Restate the whole listing exactly, leaving nothing out.

*** Begin section ***

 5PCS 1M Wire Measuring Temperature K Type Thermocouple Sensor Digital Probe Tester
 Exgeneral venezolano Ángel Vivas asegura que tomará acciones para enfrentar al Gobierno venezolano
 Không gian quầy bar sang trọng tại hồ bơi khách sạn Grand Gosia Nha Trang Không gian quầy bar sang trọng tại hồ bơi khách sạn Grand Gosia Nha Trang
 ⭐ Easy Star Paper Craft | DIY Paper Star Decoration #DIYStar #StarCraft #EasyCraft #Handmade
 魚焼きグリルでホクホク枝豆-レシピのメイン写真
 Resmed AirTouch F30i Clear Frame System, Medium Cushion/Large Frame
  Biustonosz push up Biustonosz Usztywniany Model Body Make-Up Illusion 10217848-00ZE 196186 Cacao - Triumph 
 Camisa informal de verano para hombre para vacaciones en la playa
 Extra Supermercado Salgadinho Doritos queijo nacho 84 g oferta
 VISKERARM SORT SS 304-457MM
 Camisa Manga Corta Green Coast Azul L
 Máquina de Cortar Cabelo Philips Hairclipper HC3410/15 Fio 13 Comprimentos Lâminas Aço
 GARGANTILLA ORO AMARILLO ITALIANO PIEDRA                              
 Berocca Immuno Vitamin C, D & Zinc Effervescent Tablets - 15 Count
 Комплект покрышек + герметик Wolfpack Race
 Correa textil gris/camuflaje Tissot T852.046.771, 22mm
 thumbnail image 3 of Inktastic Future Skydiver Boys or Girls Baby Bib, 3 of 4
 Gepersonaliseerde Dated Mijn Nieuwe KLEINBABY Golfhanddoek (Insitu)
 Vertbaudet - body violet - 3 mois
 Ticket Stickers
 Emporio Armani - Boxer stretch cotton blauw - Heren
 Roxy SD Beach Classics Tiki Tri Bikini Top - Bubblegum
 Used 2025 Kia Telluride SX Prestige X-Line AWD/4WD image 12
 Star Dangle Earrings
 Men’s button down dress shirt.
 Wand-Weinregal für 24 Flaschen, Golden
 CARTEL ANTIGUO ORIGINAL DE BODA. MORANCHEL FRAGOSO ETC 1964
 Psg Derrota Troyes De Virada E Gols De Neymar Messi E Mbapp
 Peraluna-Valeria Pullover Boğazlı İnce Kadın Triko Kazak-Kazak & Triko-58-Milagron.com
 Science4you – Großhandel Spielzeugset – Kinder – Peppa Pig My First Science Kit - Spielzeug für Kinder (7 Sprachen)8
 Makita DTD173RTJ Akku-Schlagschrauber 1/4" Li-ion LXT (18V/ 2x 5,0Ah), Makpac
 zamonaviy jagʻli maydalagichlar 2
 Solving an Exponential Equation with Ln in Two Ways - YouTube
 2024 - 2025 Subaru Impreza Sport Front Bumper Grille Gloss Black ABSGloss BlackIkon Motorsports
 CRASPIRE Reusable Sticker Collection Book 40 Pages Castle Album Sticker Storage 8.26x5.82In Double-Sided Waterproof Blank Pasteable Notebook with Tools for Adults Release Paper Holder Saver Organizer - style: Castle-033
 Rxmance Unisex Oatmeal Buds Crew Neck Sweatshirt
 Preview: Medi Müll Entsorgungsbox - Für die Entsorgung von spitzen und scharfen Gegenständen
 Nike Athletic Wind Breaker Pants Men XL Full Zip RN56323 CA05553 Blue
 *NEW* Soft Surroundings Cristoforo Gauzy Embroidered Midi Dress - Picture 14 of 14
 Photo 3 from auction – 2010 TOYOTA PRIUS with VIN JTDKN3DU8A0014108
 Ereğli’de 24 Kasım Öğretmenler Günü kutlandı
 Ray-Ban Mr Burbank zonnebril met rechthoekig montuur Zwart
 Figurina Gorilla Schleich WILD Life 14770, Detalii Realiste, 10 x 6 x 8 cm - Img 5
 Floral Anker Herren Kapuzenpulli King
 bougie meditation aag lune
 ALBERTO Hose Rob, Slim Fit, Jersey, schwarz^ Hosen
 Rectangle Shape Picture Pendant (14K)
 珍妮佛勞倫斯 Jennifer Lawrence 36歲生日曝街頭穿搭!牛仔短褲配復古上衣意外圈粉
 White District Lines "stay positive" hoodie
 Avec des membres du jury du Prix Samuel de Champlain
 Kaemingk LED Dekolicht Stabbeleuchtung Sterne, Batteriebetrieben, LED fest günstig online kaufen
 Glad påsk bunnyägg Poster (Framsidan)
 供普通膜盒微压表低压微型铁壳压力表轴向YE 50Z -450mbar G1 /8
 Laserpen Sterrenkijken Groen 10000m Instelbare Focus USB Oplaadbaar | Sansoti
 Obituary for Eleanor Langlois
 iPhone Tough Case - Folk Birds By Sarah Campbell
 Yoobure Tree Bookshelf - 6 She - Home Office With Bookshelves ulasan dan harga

*** End section ***

| FINAL ANSWER |
 5PCS 1M Wire Measuring Temperature K Type Thermocouple Sensor Digital Probe Tester
 Exgeneral venezolano Ángel Vivas asegura que tomará acciones para enfrentar al Gobierno venezolano
 Không gian quầy bar sang trọng tại hồ bơi khách sạn Grand Gosia Nha Trang Không gian quầy bar sang trọng tại hồ bơi khách sạn Grand Gosia Nha Trang
 ⭐ Easy Star Paper Craft | DIY Paper Star Decoration #DIYStar #StarCraft #EasyCraft #Handmade
 魚焼きグリルでホクホク枝豆-レシピのメイン写真
 Resmed AirTouch F30i Clear Frame System, Medium Cushion/Large Frame
  Biustonosz push up Biustonosz Usztywniany Model Body Make-Up Illusion 10217848-00ZE 196186 Cacao - Triumph 
 Camisa informal de verano para hombre para vacaciones en la playa
 Extra Supermercado Salgadinho Doritos queijo nacho 84 g oferta
 VISKERARM SORT SS 304-457MM
 Camisa Manga Corta Green Coast Azul L
 Máquina de Cortar Cabelo Philips Hairclipper HC3410/15 Fio 13 Comprimentos Lâminas Aço
 GARGANTILLA ORO AMARILLO ITALIANO PIEDRA                              
 Berocca Immuno Vitamin C, D & Zinc Effervescent Tablets - 15 Count
 Комплект покрышек + герметик Wolfpack Race
 Correa textil gris/camuflaje Tissot T852.046.771, 22mm
 thumbnail image 3 of Inktastic Future Skydiver Boys or Girls Baby Bib, 3 of 4
 Gepersonaliseerde Dated Mijn Nieuwe KLEINBABY Golfhanddoek (Insitu)
 Vertbaudet - body violet - 3 mois
 Ticket Stickers
 Emporio Armani - Boxer stretch cotton blauw - Heren
 Roxy SD Beach Classics Tiki Tri Bikini Top - Bubblegum
 Used 2025 Kia Telluride SX Prestige X-Line AWD/4WD image 12
 Star Dangle Earrings
 Men’s button down dress shirt.
 Wand-Weinregal für 24 Flaschen, Golden
 CARTEL ANTIGUO ORIGINAL DE BODA. MORANCHEL FRAGOSO ETC 1964
 Psg Derrota Troyes De Virada E Gols De Neymar Messi E Mbapp
 Peraluna-Valeria Pullover Boğazlı İnce Kadın Triko Kazak-Kazak & Triko-58-Milagron.com
 Science4you – Großhandel Spielzeugset – Kinder – Peppa Pig My First Science Kit - Spielzeug für Kinder (7 Sprachen)8
 Makita DTD173RTJ Akku-Schlagschrauber 1/4" Li-ion LXT (18V/ 2x 5,0Ah), Makpac
 zamonaviy jagʻli maydalagichlar 2
 Solving an Exponential Equation with Ln in Two Ways - YouTube
 2024 - 2025 Subaru Impreza Sport Front Bumper Grille Gloss Black ABSGloss BlackIkon Motorsports
 CRASPIRE Reusable Sticker Collection Book 40 Pages Castle Album Sticker Storage 8.26x5.82In Double-Sided Waterproof Blank Pasteable Notebook with Tools for Adults Release Paper Holder Saver Organizer - style: Castle-033
 Rxmance Unisex Oatmeal Buds Crew Neck Sweatshirt
 Preview: Medi Müll Entsorgungsbox - Für die Entsorgung von spitzen und scharfen Gegenständen
 Nike Athletic Wind Breaker Pants Men XL Full Zip RN56323 CA05553 Blue
 *NEW* Soft Surroundings Cristoforo Gauzy Embroidered Midi Dress - Picture 14 of 14
 Photo 3 from auction – 2010 TOYOTA PRIUS with VIN JTDKN3DU8A0014108
 Ereğli’de 24 Kasım Öğretmenler Günü kutlandı
 Ray-Ban Mr Burbank zonnebril met rechthoekig montuur Zwart
 Figurina Gorilla Schleich WILD Life 14770, Detalii Realiste, 10 x 6 x 8 cm - Img 5
 Floral Anker Herren Kapuzenpulli King
 bougie meditation aag lune
 ALBERTO Hose Rob, Slim Fit, Jersey, schwarz^ Hosen
 Rectangle Shape Picture Pendant (14K)
 珍妮佛勞倫斯 Jennifer Lawrence 36歲生日曝街頭穿搭!牛仔短褲配復古上衣意外圈粉
 White District Lines "stay positive" hoodie
 Avec des membres du jury du Prix Samuel de Champlain
 Kaemingk LED Dekolicht Stabbeleuchtung Sterne, Batteriebetrieben, LED fest günstig online kaufen
 Glad påsk bunnyägg Poster (Framsidan)
 供普通膜盒微压表低压微型铁壳压力表轴向YE 50Z -450mbar G1 /8
 Laserpen Sterrenkijken Groen 10000m Instelbare Focus USB Oplaadbaar | Sansoti
 Obituary for Eleanor Langlois
 iPhone Tough Case - Folk Birds By Sarah Campbell
 Yoobure Tree Bookshelf - 6 She - Home Office With Bookshelves ulasan dan harga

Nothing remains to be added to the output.